Lower steam stripping stage 206 receives downwardly flowing catalyst from central dehydrogenation/stripping stage 204 which catalyst has been cooled to a temperature of from about 1000 to about 1200° F.,(537-649° C.), preferably around 1100° F. (593° C.). Steam enters near the bottom of the lower steam stripping stage in a generally upward direction through conduit 230 and steam distributor grid 232. Suitable steam distributor grid configurations include perforate tubes in radial or ring arrangements as described above with reference to the feed inlet distributor 226. A secondary distributor 234 may optionally be positioned above steam distributor grid 232 to improve catalyst fluidization and contact between catalyst and the stripping steam.
While the central dehydrogenation/stripping zone effectively removes a major portion of the cracked products entrained with the spent catalyst, subsequent steam stripping is required in the present process to remove both the remaining sorbed cracked products as well as entrained dehydrogenation reaction products from the central dehydrogenation/stripping stage. Steam together with stripped hydrocarbons flows upwardly out of fluid bed 236 and is withdrawn from the lower steam stripping stage via conduit 238 to be charged directly to an upper section of a catalytic cracking unit reactor vessel (not shown) for subsequent recovery with the cracking unit product stream. Conduit 238 may optionally charge the steam and stripped hydrocarbons directly to a product recovery fractionation section (also not shown).

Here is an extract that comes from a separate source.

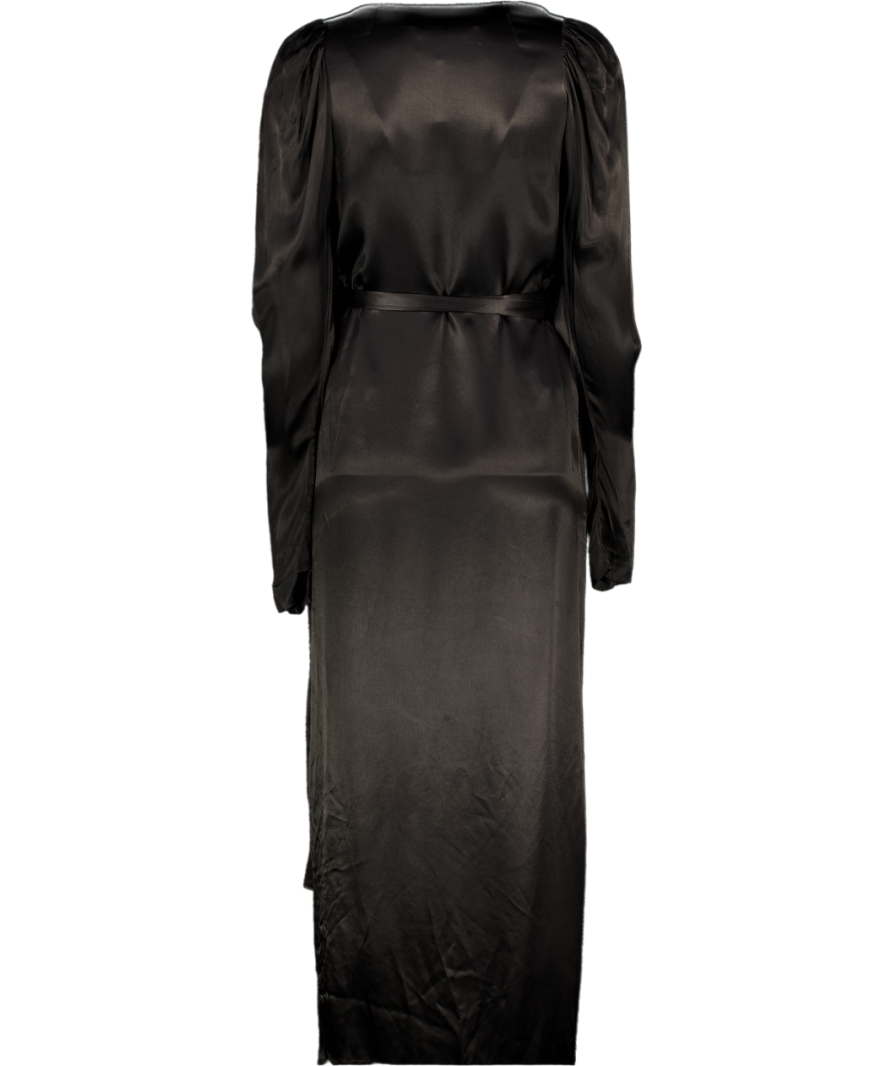 Rotate Birger Christensen Black Puff Sleeve Satin Wrap Midi Dress UK 6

The sequence of operative stages within the ECCS is critical to successful process operation. Specifically, spent catalyst is first directly heated with regenerated catalyst in the upper mixing stage. The catalyst mixture is then concurrently cooled by endothermic alkane dehydrogenation and countercurrently stripped of a major portion of the entrained cracked products in the central dehydrogenation/stripping stage. Finally, the cooled catalyst mixture is countercurrently stripped with steam. Thus the steam stripping step is carried out in a lower temperature stage in contrast to the higher temperature desorption which takes place in the upper mixing zone. Elevated water partial pressure in the upper mixing stage is highly undesirable and would tend to accelerate steam deactivation of the cracking catalyst. The rate of steam deactivation, an irreversible physical degradation of the zeolite structure, is a function of water partial pressure, temperature, and exposure time. Thus it is to be clearly understood that the benefits associated with the improved stripping and catalyst cooling aspects of the present invention could readily be negated by taking the steps of the process out of the order recited herein. Specifically, it is essential that substantial stripping steam flow from the lower steam stripping stage to the central dehydrogenation/stripping stage be avoided.

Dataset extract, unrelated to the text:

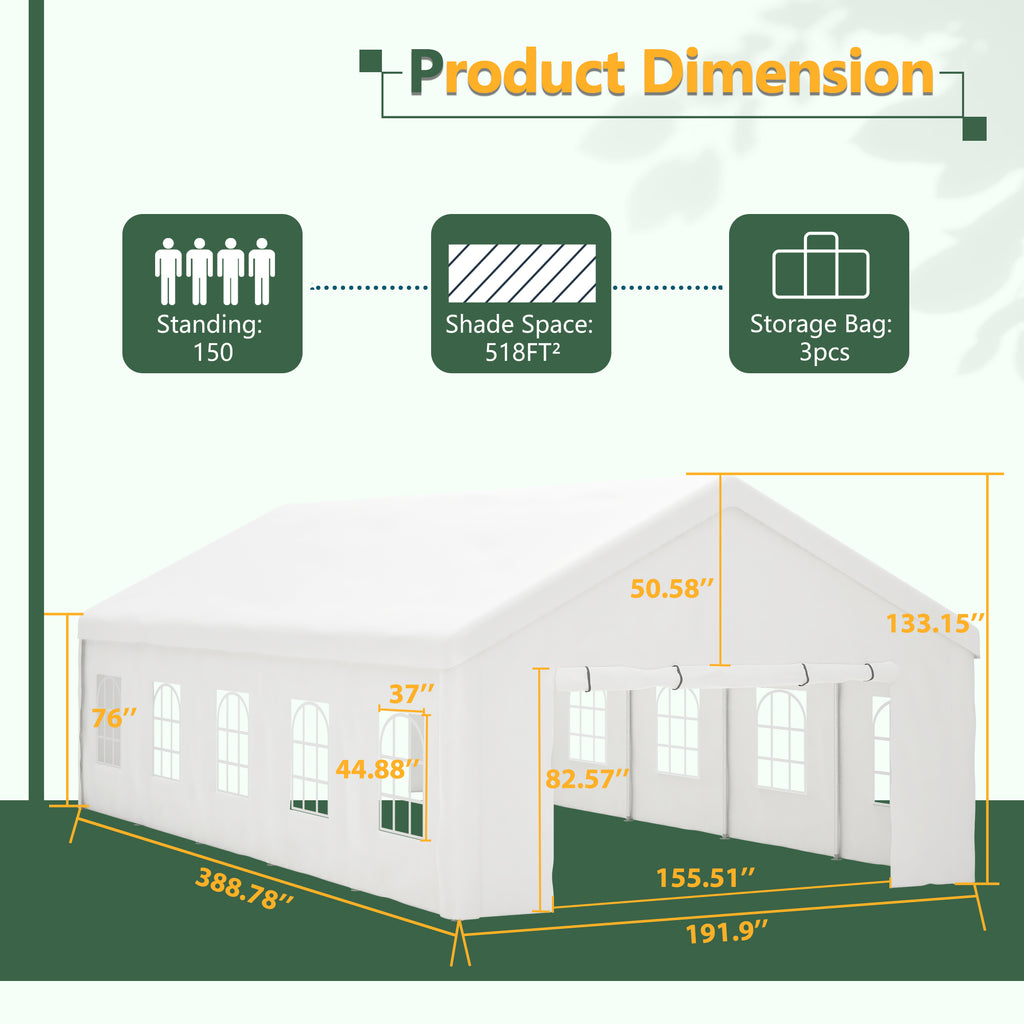 16x32 FT Party Tent with Removable Sidewalls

Steam flow control partition 228 divides the lower steam stripping stage 206 from the central dehydrogenation/stripping stage 204 and allows catalyst to flow downwardly from the dehydrogenation/stripping stage to the steam stripping stage while limiting the upward flow of steam from the steam stripping stage into the dehydrogenation/stripping stage. The steam flow control partition 228 may comprise any suitable upward gas flow limiting partition, such as a valve tray or a plate containing a plurality of downcomers extending from the plate downwardly into the fluid bed of catalyst 236 within lower steam stripping stage 206.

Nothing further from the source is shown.